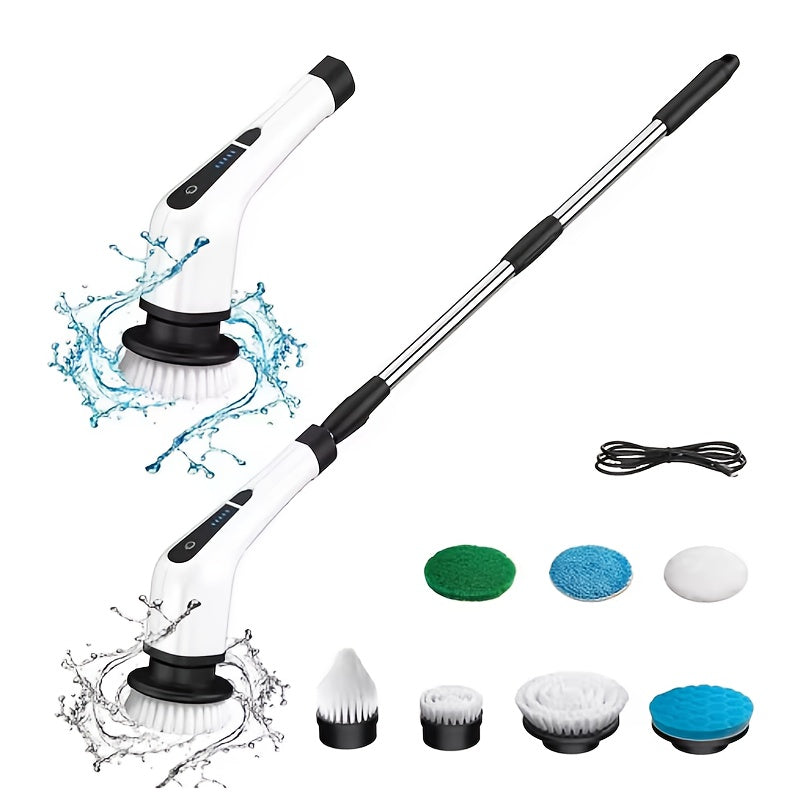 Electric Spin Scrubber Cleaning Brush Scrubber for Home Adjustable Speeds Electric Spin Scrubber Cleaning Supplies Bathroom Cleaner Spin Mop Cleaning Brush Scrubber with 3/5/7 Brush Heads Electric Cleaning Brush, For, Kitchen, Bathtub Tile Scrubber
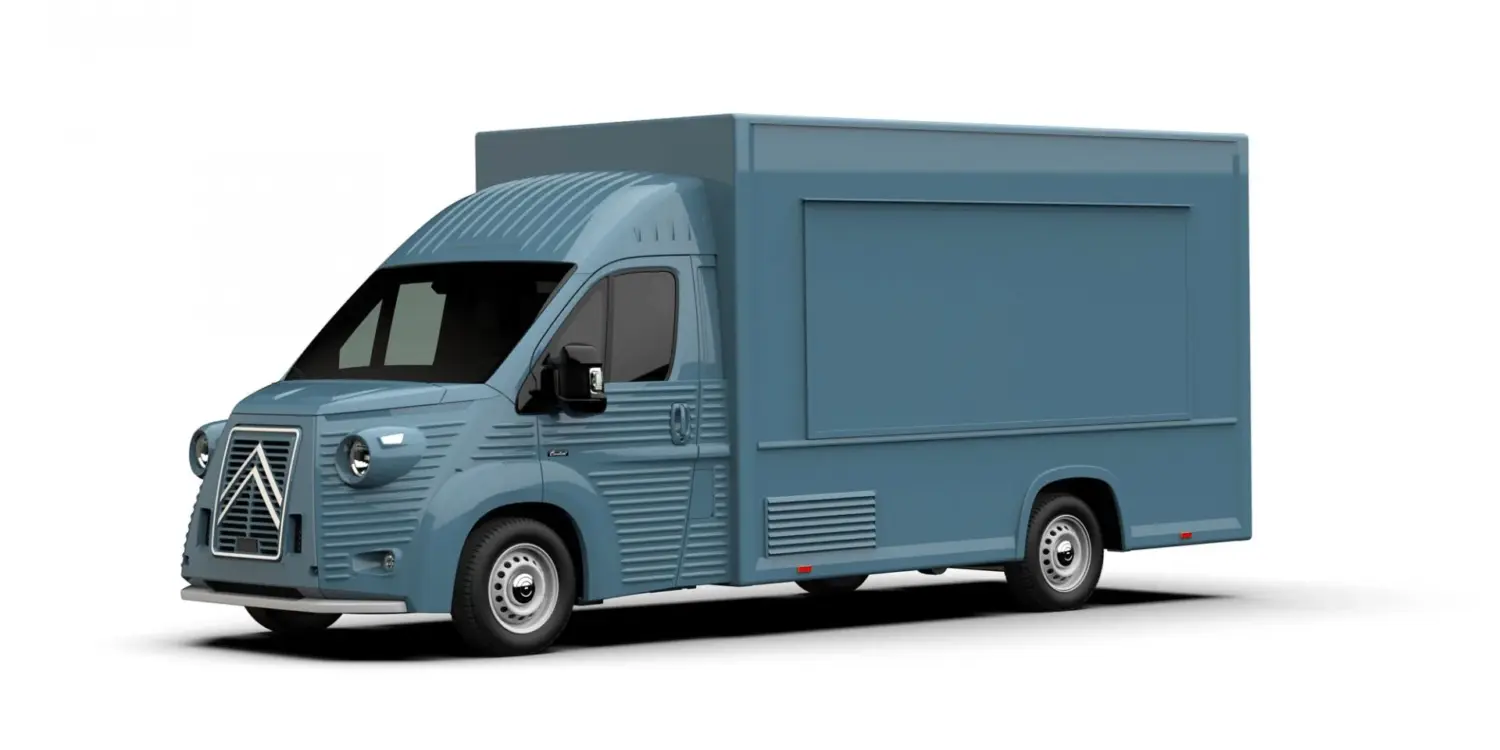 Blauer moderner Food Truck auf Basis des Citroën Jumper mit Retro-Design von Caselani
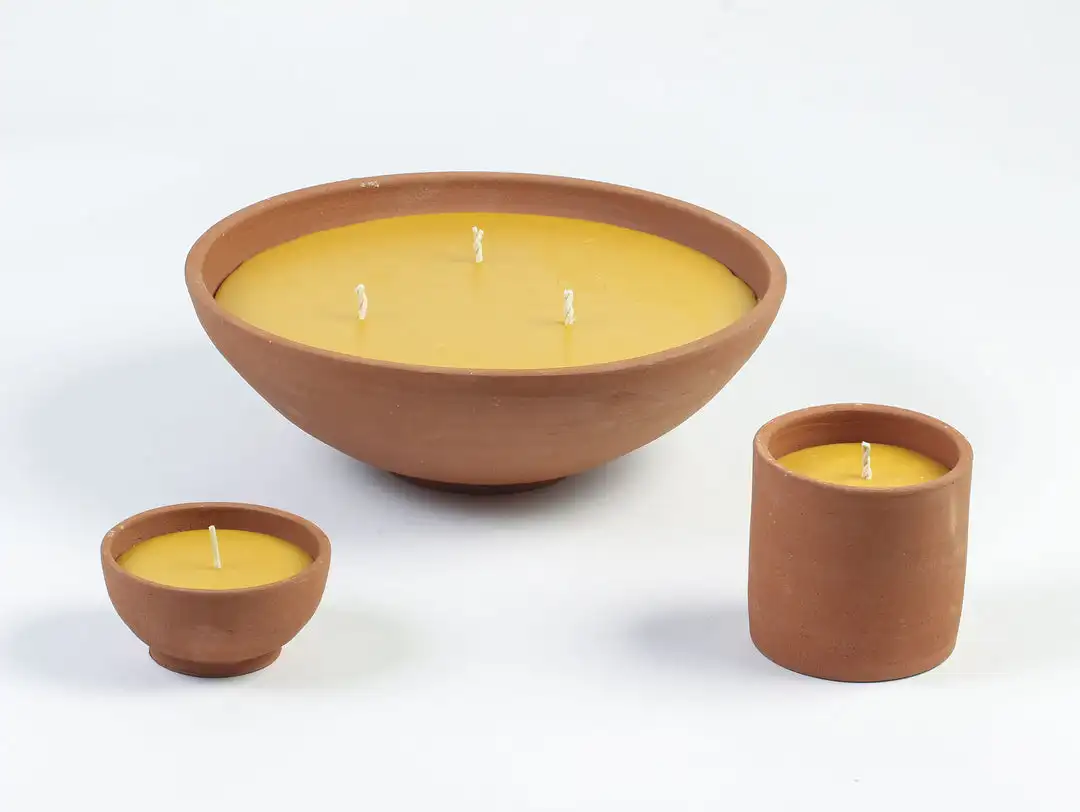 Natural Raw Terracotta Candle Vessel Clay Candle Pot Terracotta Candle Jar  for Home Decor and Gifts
==
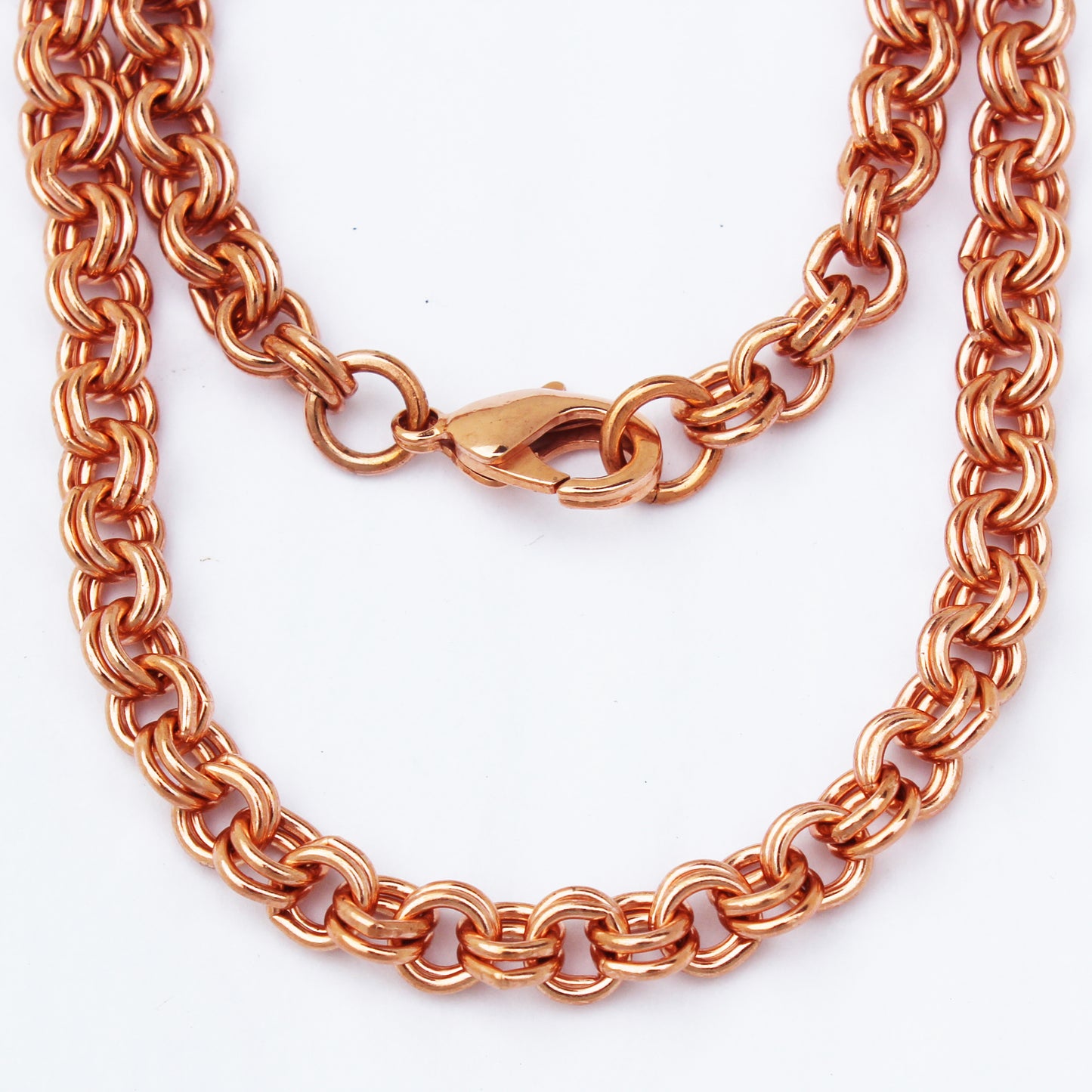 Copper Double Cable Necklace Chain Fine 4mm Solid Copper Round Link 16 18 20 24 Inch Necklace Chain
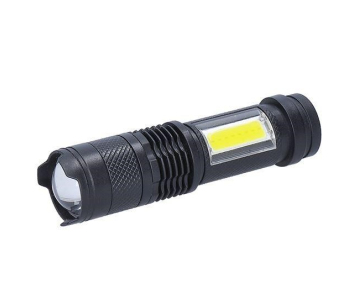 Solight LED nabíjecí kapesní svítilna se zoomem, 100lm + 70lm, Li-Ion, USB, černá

- **Your instructions**
In the material above, the stretch from the line with "Blauer moderner Food" through the line with "Natural Raw Terracotta" is to be given again exactly, minus the pictures.

- **Result of the exercise**
 Blauer moderner Food Truck auf Basis des Citroën Jumper mit Retro-Design von Caselani
 Natural Raw Terracotta Candle Vessel Clay Candle Pot Terracotta Candle Jar  for Home Decor and Gifts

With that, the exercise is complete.